I explained to my mother that the Canadian financial system was in better shape than its counterpart south of the border and that her deposits were insured by the federal government and as long as she had less than $100,000 in savings, the government would have to pay her back if the bank did fail. I told her it was pretty much an impossibility for the Canadian government to go bankrupt and that short of a global financial apocalypse her money would be safe in ING for the foreseeable future. She laughed at the thought of more than $100,000 in savings.
This conversation was a turning point for me. It was the first time anyone I had spoken with had been worried that the credit crisis (which we are now roughly 18 months into) might affect them personally. I was flipping through files at home this weekend and realized that our life insurance policies are with AIG. It turns out that if the US treasury hadn’t acted to keep that company afloat, we might have been without life insurance. That’s not really a big deal but it is a part of my life.
Yesterday, the US House of Representatives voted against a plan aimed at addressing the continuing financial crisis. The stock market then promptly drove itself of a cliff and went into free-fall. For most of the afternoon, my colleagues in the office were pacing and checking their portfolios and watching thousands of dollars in investments evaporate in minutes. It was not a pretty picture.

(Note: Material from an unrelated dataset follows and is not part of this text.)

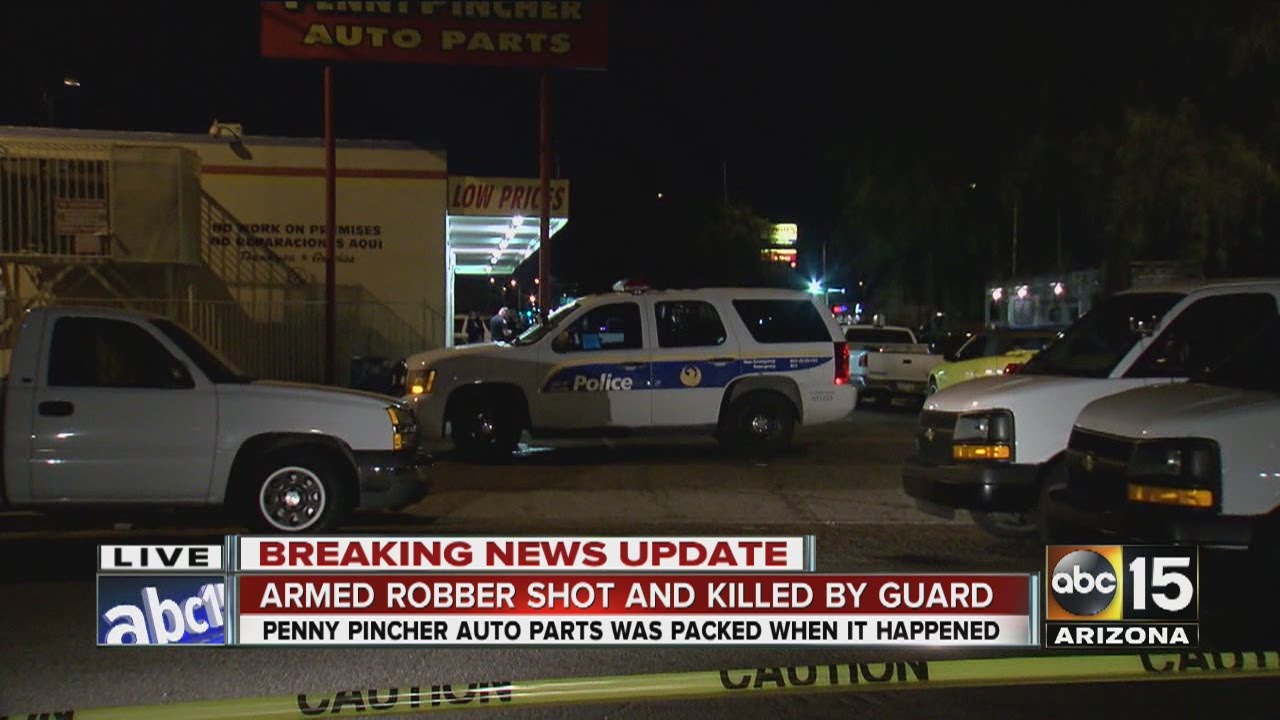 Armed robber shot and killed by guard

I continue to wonder what the church might offer the world as the limits of modern capitalism continue to be brought sharply into focus. As political and business leaders continue to struggle with how to address a problem of this scale and complexity, I’ve been thinking about an essay I recently submitted for a course called Christianity and the Political Economy of Capitalism:
The credit crisis is linked to the fact that the entire capitalist system, as it exists today is a kind of shell game. Fractional reserve banking and complex global institutions have created a system of staggering complexity which no one understands. After eighteen months of following commentary on the cause of the problem, its potential effects and possible solutions, it has become apparent to me that the crisis in not understood by even the brightest minds modern economics has to offer. In fact, the crisis itself was caused by the clever manipulations of thousands of very brilliant people. Analysts at investment banks and rating agencies and brokerage firms were all doing their best to outsmart one another and managed to drag us all over a cliff that anyone might have seen if they had just stopped long enough to look.

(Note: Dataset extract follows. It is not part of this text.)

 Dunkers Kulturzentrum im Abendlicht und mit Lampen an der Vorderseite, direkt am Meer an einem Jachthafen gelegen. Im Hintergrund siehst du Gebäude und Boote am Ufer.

My reflections on the credit crisis have underscored the unbelievable importance of humility and wisdom for the Christian who hopes to think about (or practice) modern economics and capitalism. For all the expertise and brilliance of those who ramped up the American housing bubble, they did not have wisdom. They did not have wisdom because they were arrogant and they did not believe there were limits. By contrast, we [Christians] must strive to be aware of our limits and the limits of our broken world.